Data provided:
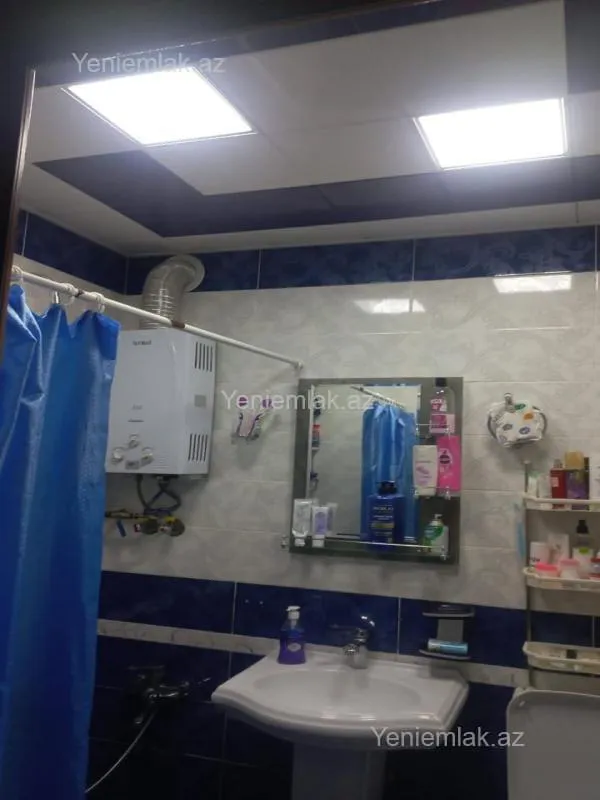 Satılır 1 otaqlı köhnə tikili 30 m²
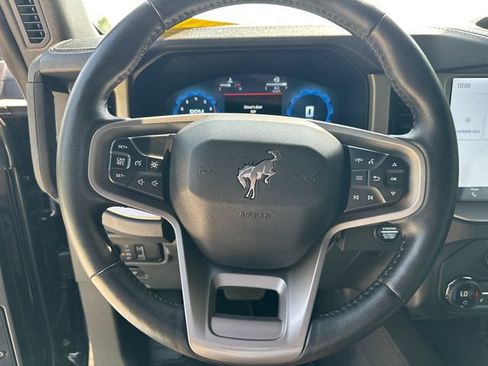 Used 2025 Ford Bronco Outer Banks AWD/4WD image 26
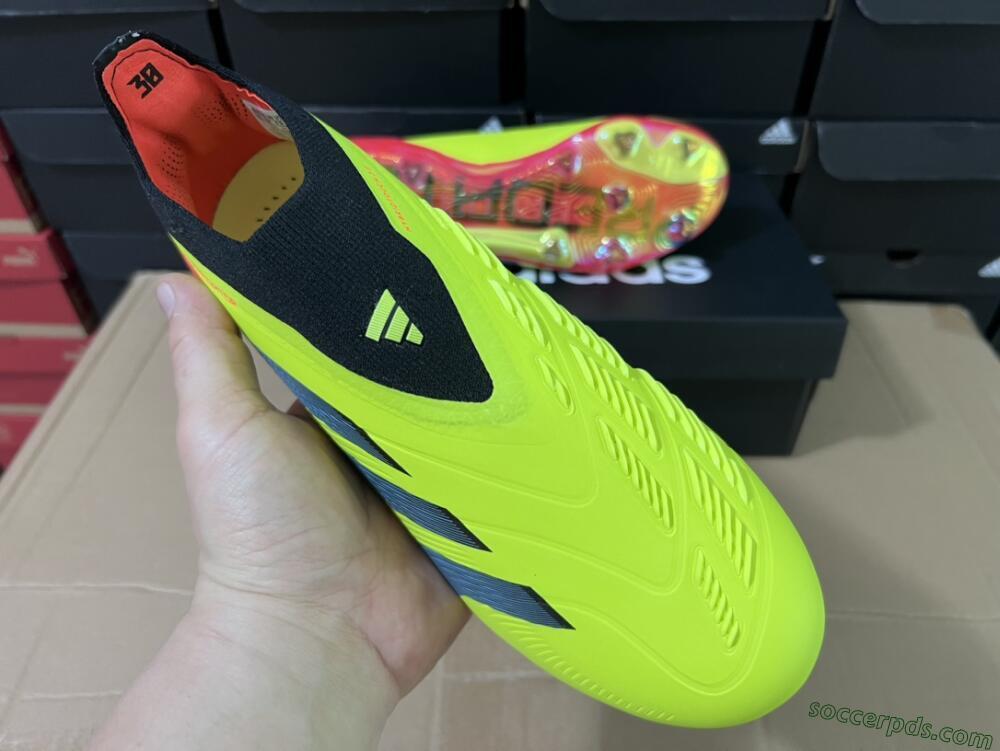 Adidas Predator Accuracy+ Laceless FG Low-Tops Football Boots - Yellow/Black/Grey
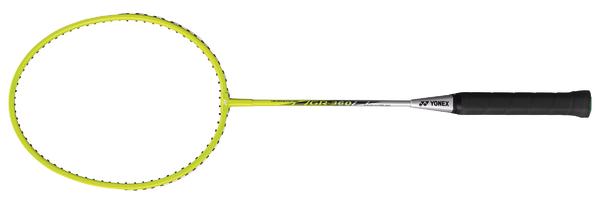 Badmintonschläger Yonex in Gelb mit schwarzem Griff, freigestellt auf weißem Hintergrund.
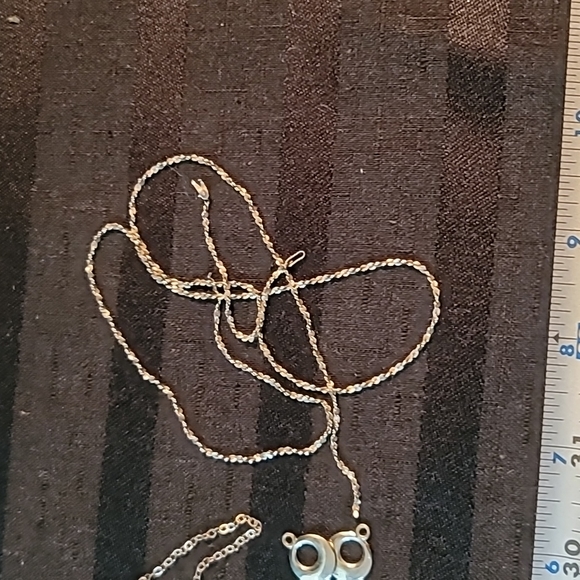 Lot of scrap 925 silver 2 necklaces 1 ring 2 earrings some wearable some scrap - Picture 3 of 10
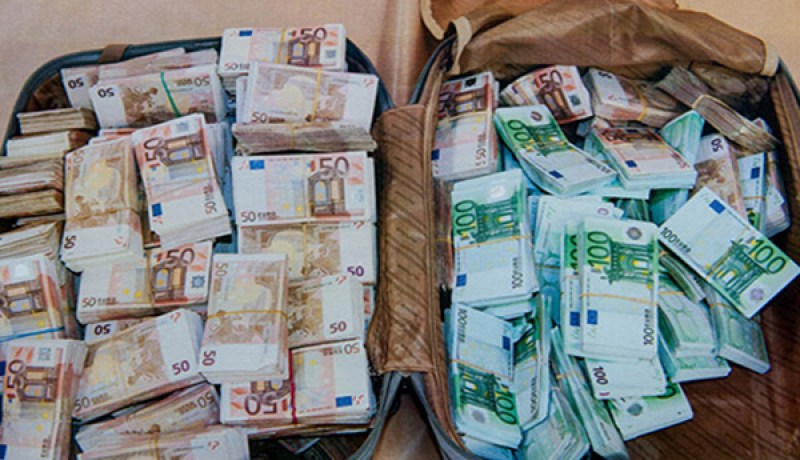 مستورد و5 إطارات بالجمارك متورّطون في تهريب عشرات ملايين الأورو إلى الخارج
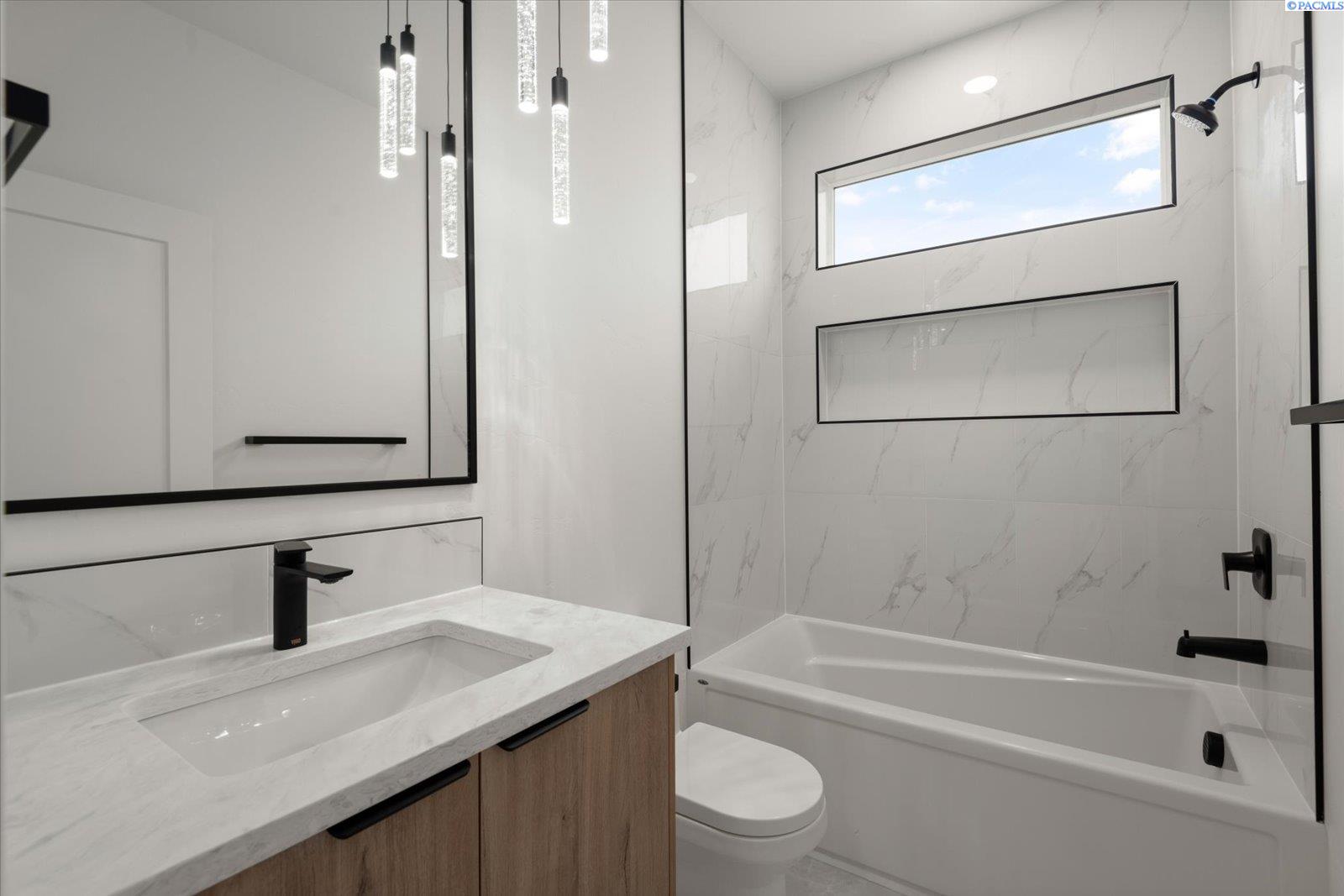 3736 Morningside Parkway Unit: Lot96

What you will do: With the line containing "Adidas Predator Accuracy+" as the first line and the last line of the listing as the final one, reproduce that span exactly, without pictures.

Solution for this problem:
 Adidas Predator Accuracy+ Laceless FG Low-Tops Football Boots - Yellow/Black/Grey
 Badmintonschläger Yonex in Gelb mit schwarzem Griff, freigestellt auf weißem Hintergrund.
 Lot of scrap 925 silver 2 necklaces 1 ring 2 earrings some wearable some scrap - Picture 3 of 10
 مستورد و5 إطارات بالجمارك متورّطون في تهريب عشرات ملايين الأورو إلى الخارج
 3736 Morningside Parkway Unit: Lot96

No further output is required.